> _Problem requirements_: Setting aside any pictures, reproduce the data exactly.

> _Source material_:
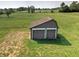 Functional outdoor shed with roll up doors on a lush green lawn at 15415 E 146Th St, Noblesville, IN 46060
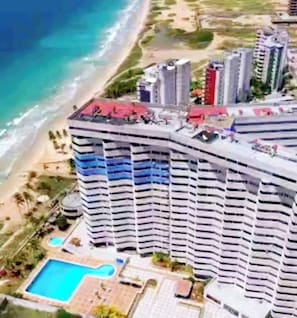 A high-rise hotel with a pool and beach view. - Refugio en el Mar Despierta frente al Caribe (Porlamar)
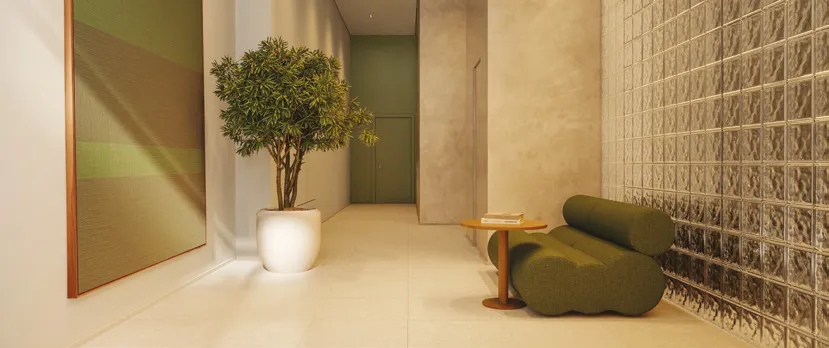 Lobby do Alameda Mará Smart, em Moema, com parede de tijolos de vidro, poltrona verde, mesa lateral e vaso com árvore.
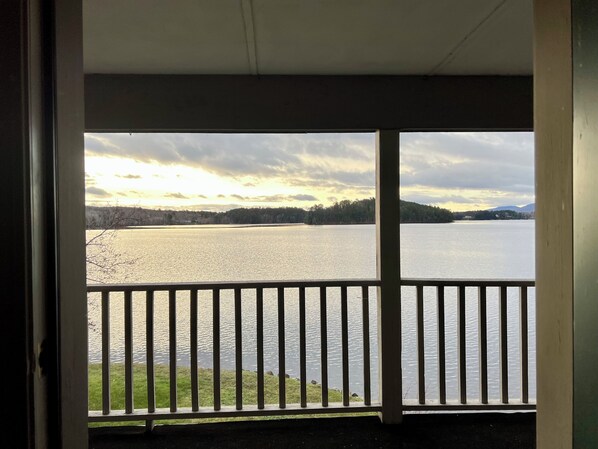 Une vue depuis un balcon doté d’une balustrade, donnant sur une étendue d’eau et une côte lointaine, avec des arbres et des collines.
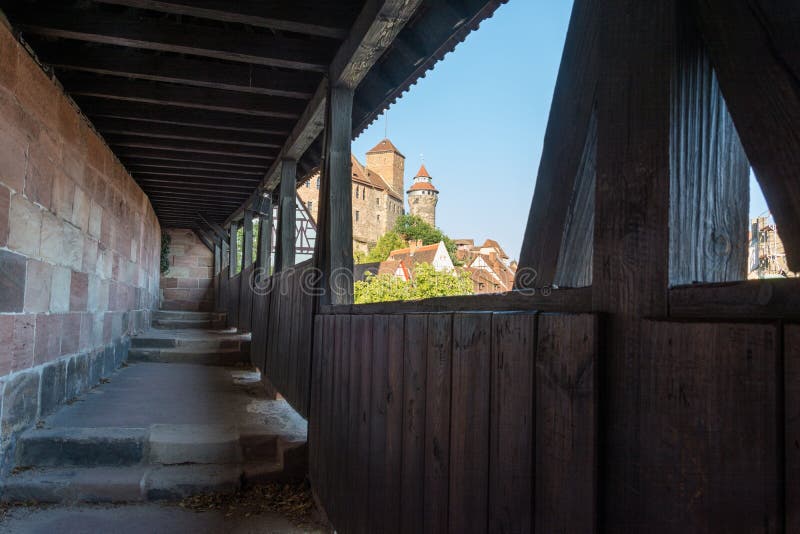 The castle of Nuremberg in the afternoon sun from the guards walkway with a wooden roof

> _Result_:
 Functional outdoor shed with roll up doors on a lush green lawn at 15415 E 146Th St, Noblesville, IN 46060
 A high-rise hotel with a pool and beach view. - Refugio en el Mar Despierta frente al Caribe (Porlamar)
 Lobby do Alameda Mará Smart, em Moema, com parede de tijolos de vidro, poltrona verde, mesa lateral e vaso com árvore.
 Une vue depuis un balcon doté d’une balustrade, donnant sur une étendue d’eau et une côte lointaine, avec des arbres et des collines.
 The castle of Nuremberg in the afternoon sun from the guards walkway with a wooden roof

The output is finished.